楼上,阿姨下来,手里的托盘上的碗都空了。
秦南晋问,“他睡了吗?”
阿姨想着许暮然方才的样子,见他确实闭上眼睛,才点了点头,“许先生吃完就睡了,说很困。”
秦南晋听到了回答,才没有继续问她关于许暮然的话题。
“你们没事的话先回去,”秦南晋站起来,要往偏厅走去,“有什么事情晚上再说。”
周文生点点头,反正好戏什么时候都可以看,他才不会急于这一时。
倒是夏华涵见秦南晋站起来要走,他才有点急了,跟在秦南晋身后叫他,“南晋哥。”
“有事?”
秦南晋冷淡的眼神让夏华涵有一点点心虚,他不知道要怎么先开这个口,张扬生动的脸带着一点点失望,“你那天答应我的,你不记得了?”

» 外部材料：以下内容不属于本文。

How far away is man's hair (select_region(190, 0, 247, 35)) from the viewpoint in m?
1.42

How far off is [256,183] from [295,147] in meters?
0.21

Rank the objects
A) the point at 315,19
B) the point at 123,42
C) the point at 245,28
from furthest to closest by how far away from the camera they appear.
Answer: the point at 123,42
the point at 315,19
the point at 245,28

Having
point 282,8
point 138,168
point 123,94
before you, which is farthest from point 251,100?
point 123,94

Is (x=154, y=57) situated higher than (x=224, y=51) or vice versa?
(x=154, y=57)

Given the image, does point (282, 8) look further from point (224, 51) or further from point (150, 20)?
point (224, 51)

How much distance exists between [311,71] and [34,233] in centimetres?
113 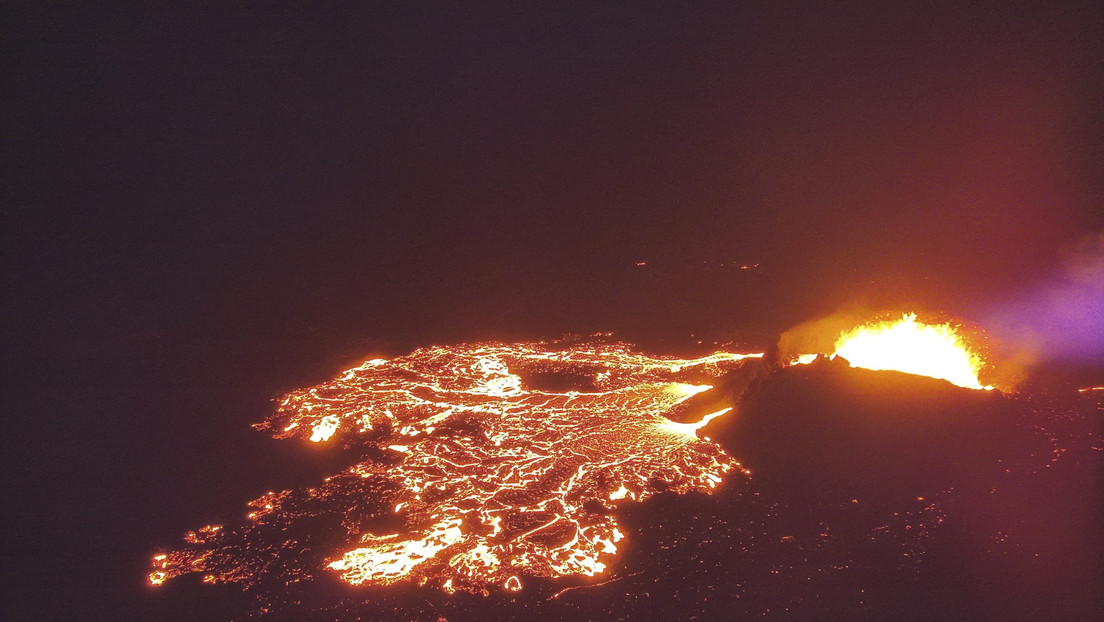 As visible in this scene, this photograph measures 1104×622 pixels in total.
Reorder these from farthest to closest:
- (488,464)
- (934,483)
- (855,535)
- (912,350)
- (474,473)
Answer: (912,350) → (488,464) → (474,473) → (934,483) → (855,535)

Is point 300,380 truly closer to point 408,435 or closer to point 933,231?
point 408,435

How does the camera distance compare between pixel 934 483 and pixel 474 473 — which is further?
pixel 474 473

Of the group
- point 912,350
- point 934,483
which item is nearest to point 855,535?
point 934,483

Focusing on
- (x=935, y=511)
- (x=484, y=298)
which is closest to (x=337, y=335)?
(x=484, y=298)

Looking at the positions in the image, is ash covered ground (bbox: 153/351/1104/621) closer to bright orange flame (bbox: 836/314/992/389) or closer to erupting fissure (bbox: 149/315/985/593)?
erupting fissure (bbox: 149/315/985/593)

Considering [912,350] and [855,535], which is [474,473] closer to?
[855,535]

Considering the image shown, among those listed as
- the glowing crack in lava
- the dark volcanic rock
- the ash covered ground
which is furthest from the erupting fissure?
the dark volcanic rock

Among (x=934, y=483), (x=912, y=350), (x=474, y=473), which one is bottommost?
(x=474, y=473) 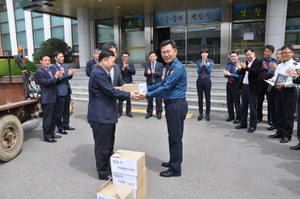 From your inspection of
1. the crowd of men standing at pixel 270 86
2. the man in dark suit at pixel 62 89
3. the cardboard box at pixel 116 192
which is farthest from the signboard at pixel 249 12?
the cardboard box at pixel 116 192

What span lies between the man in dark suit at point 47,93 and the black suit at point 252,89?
415 centimetres

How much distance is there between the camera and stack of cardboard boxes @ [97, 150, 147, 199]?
2740 mm

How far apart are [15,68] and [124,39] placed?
28.3ft

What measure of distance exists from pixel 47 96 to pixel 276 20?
8.95m

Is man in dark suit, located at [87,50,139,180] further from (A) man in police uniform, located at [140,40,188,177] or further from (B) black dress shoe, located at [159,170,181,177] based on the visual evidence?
(B) black dress shoe, located at [159,170,181,177]

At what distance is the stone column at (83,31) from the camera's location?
1301 cm

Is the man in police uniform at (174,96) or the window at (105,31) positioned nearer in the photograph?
→ the man in police uniform at (174,96)

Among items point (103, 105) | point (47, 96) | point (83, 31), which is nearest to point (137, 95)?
point (103, 105)

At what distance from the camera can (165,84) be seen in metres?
3.31

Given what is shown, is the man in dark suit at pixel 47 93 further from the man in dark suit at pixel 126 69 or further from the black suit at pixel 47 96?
the man in dark suit at pixel 126 69

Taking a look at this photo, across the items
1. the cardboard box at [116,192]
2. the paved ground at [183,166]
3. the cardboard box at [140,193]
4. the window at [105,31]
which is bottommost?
the paved ground at [183,166]

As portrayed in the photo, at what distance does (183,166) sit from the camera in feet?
12.4

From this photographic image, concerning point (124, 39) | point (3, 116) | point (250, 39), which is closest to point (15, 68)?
point (3, 116)

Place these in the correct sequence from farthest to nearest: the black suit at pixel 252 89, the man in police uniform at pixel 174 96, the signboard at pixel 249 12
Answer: the signboard at pixel 249 12 < the black suit at pixel 252 89 < the man in police uniform at pixel 174 96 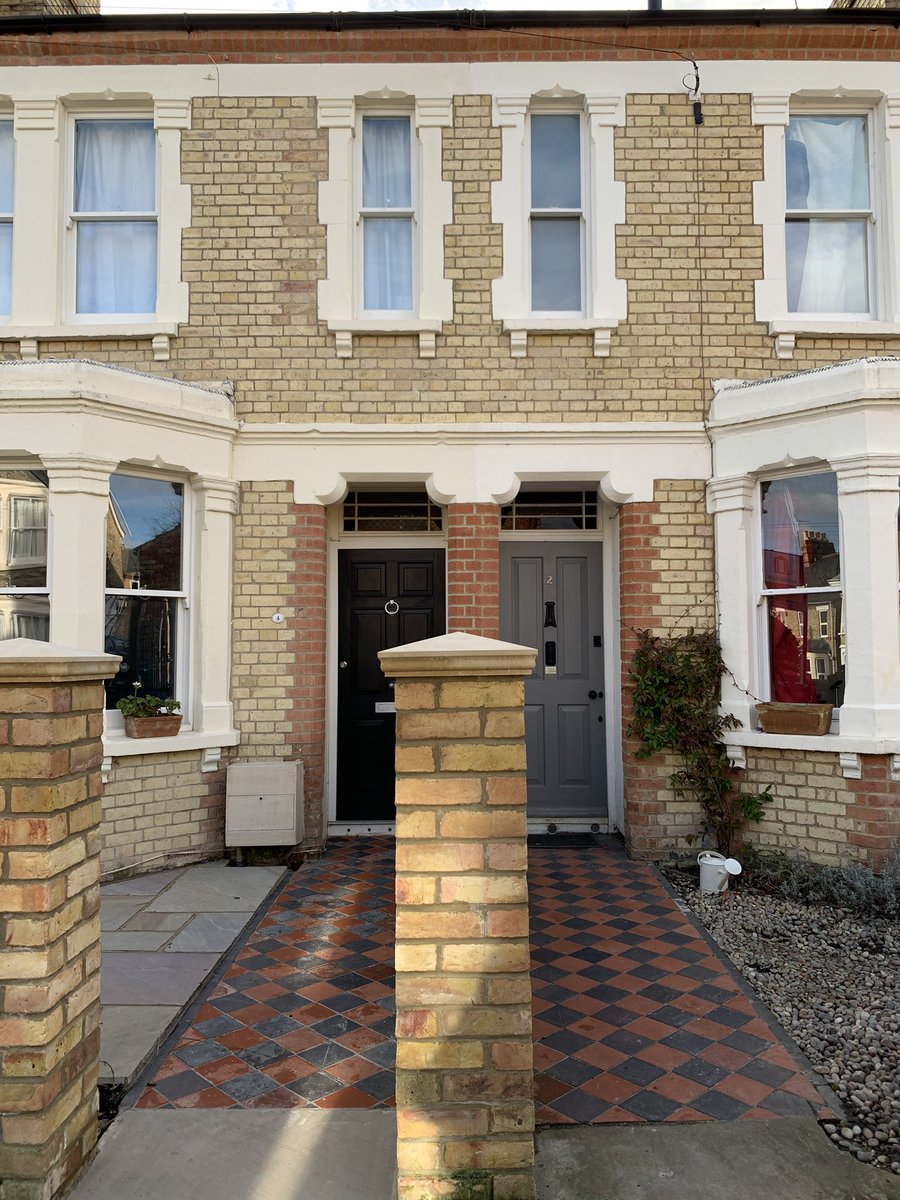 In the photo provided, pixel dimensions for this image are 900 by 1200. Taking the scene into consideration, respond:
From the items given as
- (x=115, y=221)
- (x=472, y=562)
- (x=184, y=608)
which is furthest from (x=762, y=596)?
(x=115, y=221)

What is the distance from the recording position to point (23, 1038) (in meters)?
2.26

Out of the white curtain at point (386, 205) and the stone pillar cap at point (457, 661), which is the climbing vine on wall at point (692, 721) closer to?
the white curtain at point (386, 205)

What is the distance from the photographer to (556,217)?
20.8ft

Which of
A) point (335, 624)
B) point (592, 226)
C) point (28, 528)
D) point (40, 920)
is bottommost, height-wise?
point (40, 920)

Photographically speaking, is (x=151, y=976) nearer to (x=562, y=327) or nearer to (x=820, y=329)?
(x=562, y=327)

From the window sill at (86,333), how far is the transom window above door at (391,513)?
6.06 feet

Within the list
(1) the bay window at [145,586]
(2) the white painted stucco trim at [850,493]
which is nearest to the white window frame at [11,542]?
(1) the bay window at [145,586]

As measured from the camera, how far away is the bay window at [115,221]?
631 centimetres

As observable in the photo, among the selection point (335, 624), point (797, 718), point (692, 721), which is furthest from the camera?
point (335, 624)

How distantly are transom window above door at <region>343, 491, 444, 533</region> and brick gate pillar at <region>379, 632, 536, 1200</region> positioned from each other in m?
4.62

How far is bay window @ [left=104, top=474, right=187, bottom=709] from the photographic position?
572 centimetres

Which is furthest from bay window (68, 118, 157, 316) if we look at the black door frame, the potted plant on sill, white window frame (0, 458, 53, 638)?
the potted plant on sill

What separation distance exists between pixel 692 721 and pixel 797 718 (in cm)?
70

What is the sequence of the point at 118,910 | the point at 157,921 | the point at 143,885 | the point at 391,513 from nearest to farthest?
1. the point at 157,921
2. the point at 118,910
3. the point at 143,885
4. the point at 391,513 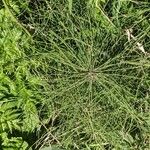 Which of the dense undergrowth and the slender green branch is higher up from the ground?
the slender green branch

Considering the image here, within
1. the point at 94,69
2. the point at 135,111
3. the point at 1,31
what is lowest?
the point at 135,111

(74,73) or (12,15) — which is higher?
(12,15)

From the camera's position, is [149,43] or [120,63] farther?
[149,43]

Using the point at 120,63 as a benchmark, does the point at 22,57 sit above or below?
above

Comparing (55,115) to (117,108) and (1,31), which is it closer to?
(117,108)

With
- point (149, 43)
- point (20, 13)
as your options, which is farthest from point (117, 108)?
point (20, 13)

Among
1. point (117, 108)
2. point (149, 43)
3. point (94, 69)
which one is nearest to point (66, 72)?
point (94, 69)

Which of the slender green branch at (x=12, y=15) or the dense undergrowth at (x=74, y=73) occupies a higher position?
the slender green branch at (x=12, y=15)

秦南晋的脚步顿住了,奇奇怪怪的感觉又从心头冒了上来。
他微微侧身,上下打量了他一眼,最后和他那双眼睛对视上的时候,不知为何松了语气,“过来,跟我到书房。”
“啊,”夏华涵笑,“好。”
撒娇的男人最好命
许暮然躺在床上怎么也睡不着。
喝完粥以后他就没有那么困了,肚子涨涨的有些不舒服。
即使睡不着,但身体上的不适是怎样都会存在,脑袋晕得他想吐。
他起床走到厕所里扶着马桶干呕了半天,也不见有东西吐出来,但胃里实在难受,翻江倒海的在闹腾。
望着镜子里漾着不自然红晕的自己,有些狼狈也有些难看。
怕秦南晋或者其他人有事会折回来,他又跑回马桶边上去挖舌根深处,把刚喝下去的粥又通通吐了出来,坐在浴室的地上坐了好久,一把鼻涕一把泪的。
这才舒坦了。
胃里有东西,不太好消化,许暮然晃了晃晕乎乎的脑袋,打开水龙头泼了把脸,水珠才上脸带走温热,脸颊又立刻发烫。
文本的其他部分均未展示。